SUPPLIED RECORDS:

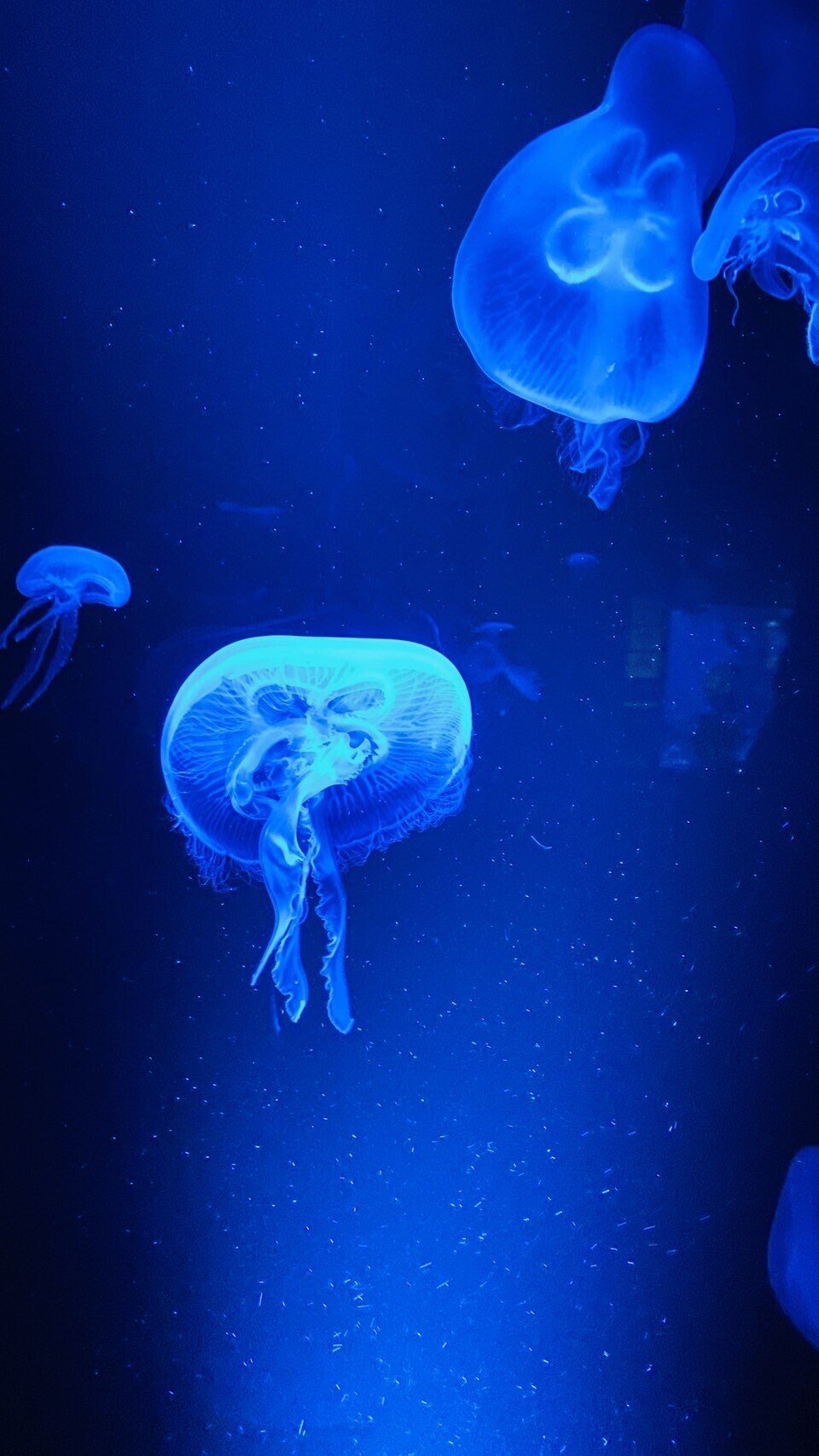 水族館行ったよ くらげ多め O アイニチ株式会社 スタッフブログ Note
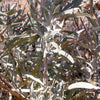 100 SILVER SAGEBRUSH Artemisia Cana Dwarf Sagebrush Silver Wormwood Herb Flower Seeds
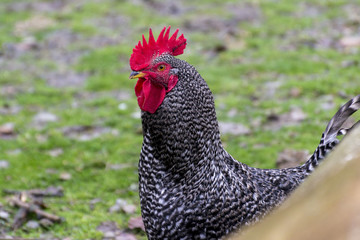 a twisted cock with a red ridge peeping out of the fence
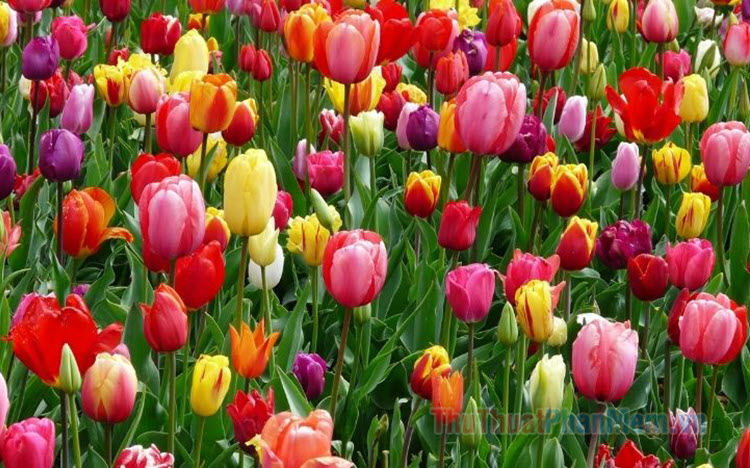 Hoa Tulip trắng có ý nghĩa gì? Ý nghĩa hoa Tulip theo màu sắc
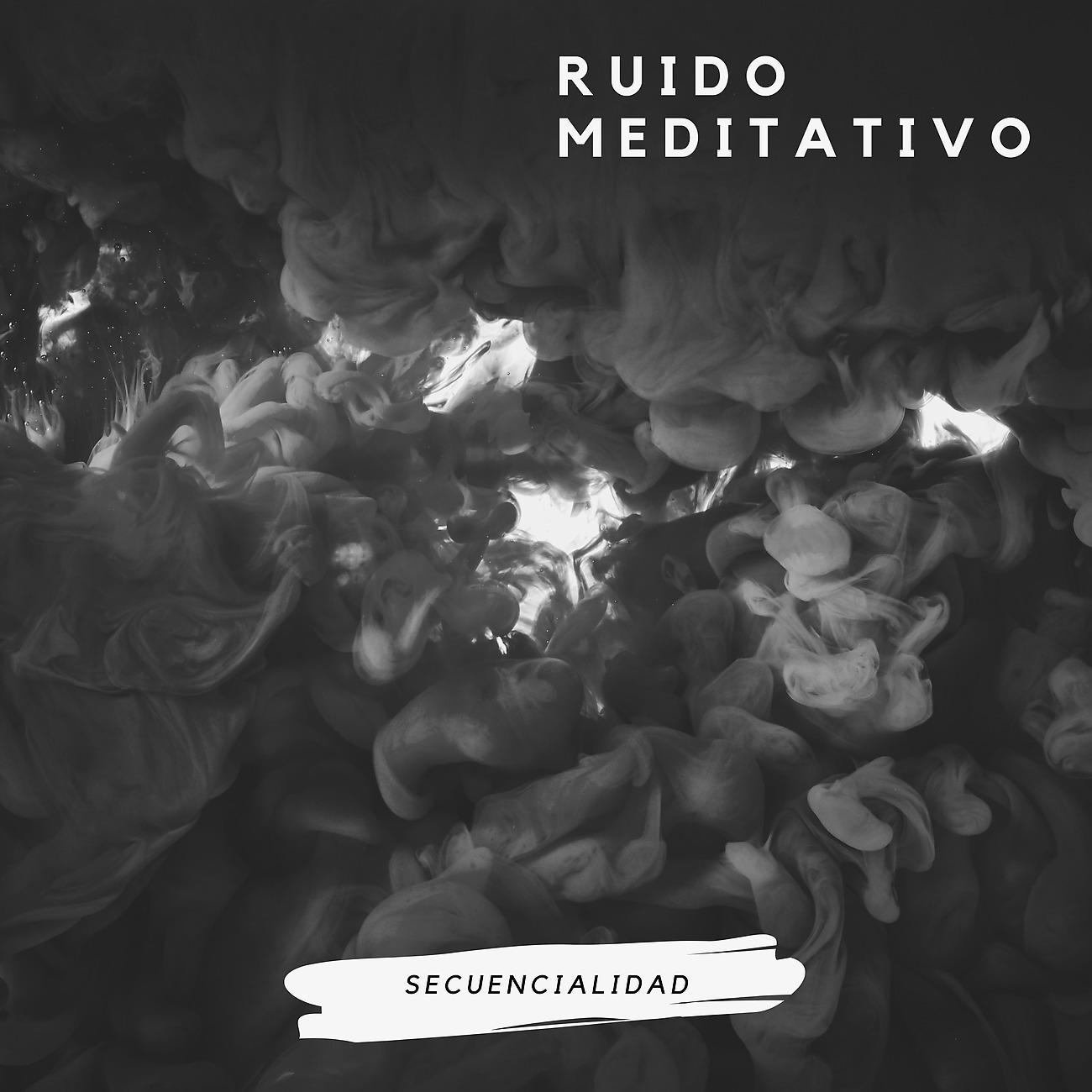 Постер альбома Ruido Meditativo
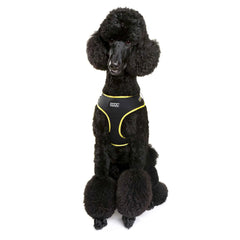 DOOG Neoflex Dog Harness Bolt Neon Large Black/Yellow – HARBOLT-L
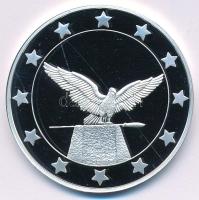 DN "Eurófantáziák - Turul" Ag emlékérem tanúsítvánnyal (20g/0,999/38,61mm) T:PP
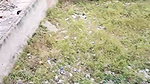 My big step sister was angry_ we shared single bed bangli Sex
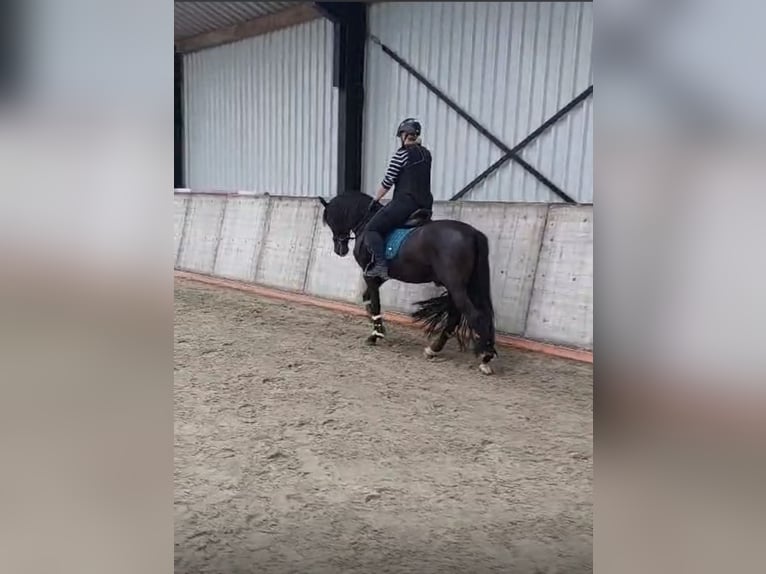 PRE Gelding 10 years 15,1 hh Black in Zierikzee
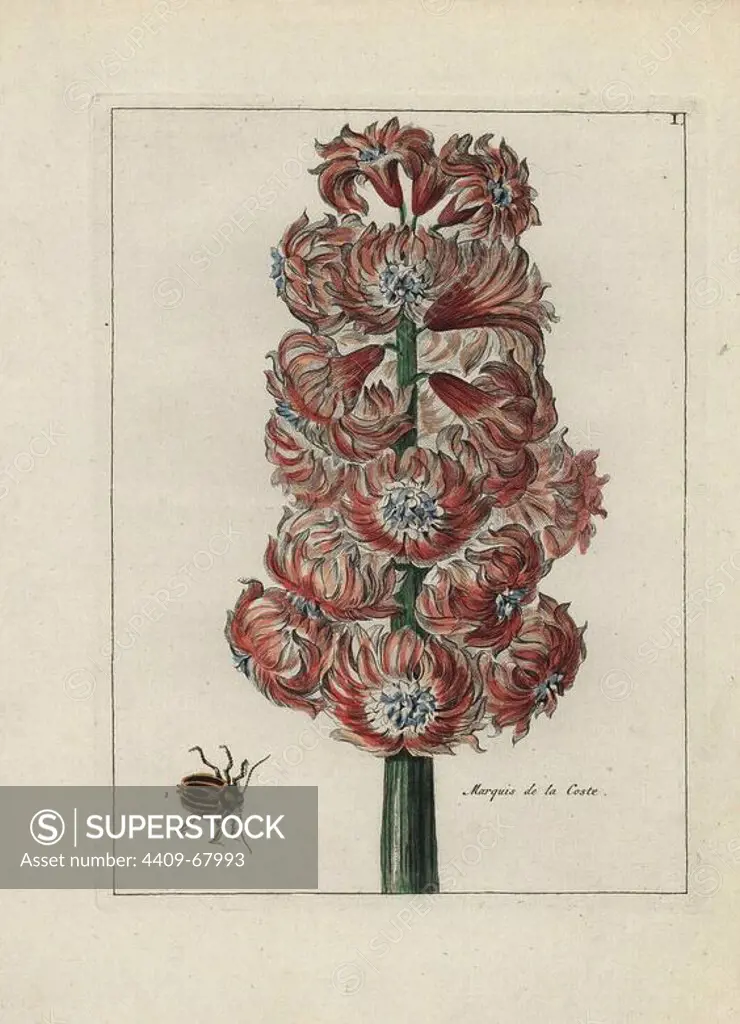 Marquis de la Ceste hyacinth, Hyacinthus orientalis, with beetle. Handcoloured copperplate botanical engraving from "Nederlandsch Bloemwerk" (Dutch Flower Arrangements), Amsterdam, J.B. Elwe, 1794. The artist of the fine plates is a mystery: the title bouquet has the signature of Paul Theodor van Brussel (1754-1795), the Dutch flower painter, and one auricula is "drawn from life" by A. Bres. According to Hunt, 30 plates show the influence of the famous French artist Nicolas Robert (1614-1685).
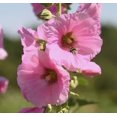thumbnail image 3 of 50 Mixed Colors HOLLYHOCK KING HENRY Viii Mix Alcea Rosea Flower Seeds, 3 of 5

PROBLEM STATEMENT: Copy the whole of the material above exactly, but not its images.

TASK OUTPUT:
 水族館行ったよ くらげ多め O アイニチ株式会社 スタッフブログ Note
 100 SILVER SAGEBRUSH Artemisia Cana Dwarf Sagebrush Silver Wormwood Herb Flower Seeds
 a twisted cock with a red ridge peeping out of the fence
 Hoa Tulip trắng có ý nghĩa gì? Ý nghĩa hoa Tulip theo màu sắc
 Постер альбома Ruido Meditativo
 DOOG Neoflex Dog Harness Bolt Neon Large Black/Yellow – HARBOLT-L
 DN "Eurófantáziák - Turul" Ag emlékérem tanúsítvánnyal (20g/0,999/38,61mm) T:PP
 My big step sister was angry_ we shared single bed bangli Sex
 PRE Gelding 10 years 15,1 hh Black in Zierikzee
 Marquis de la Ceste hyacinth, Hyacinthus orientalis, with beetle. Handcoloured copperplate botanical engraving from "Nederlandsch Bloemwerk" (Dutch Flower Arrangements), Amsterdam, J.B. Elwe, 1794. The artist of the fine plates is a mystery: the title bouquet has the signature of Paul Theodor van Brussel (1754-1795), the Dutch flower painter, and one auricula is "drawn from life" by A. Bres. According to Hunt, 30 plates show the influence of the famous French artist Nicolas Robert (1614-1685).
thumbnail image 3 of 50 Mixed Colors HOLLYHOCK KING HENRY Viii Mix Alcea Rosea Flower Seeds, 3 of 5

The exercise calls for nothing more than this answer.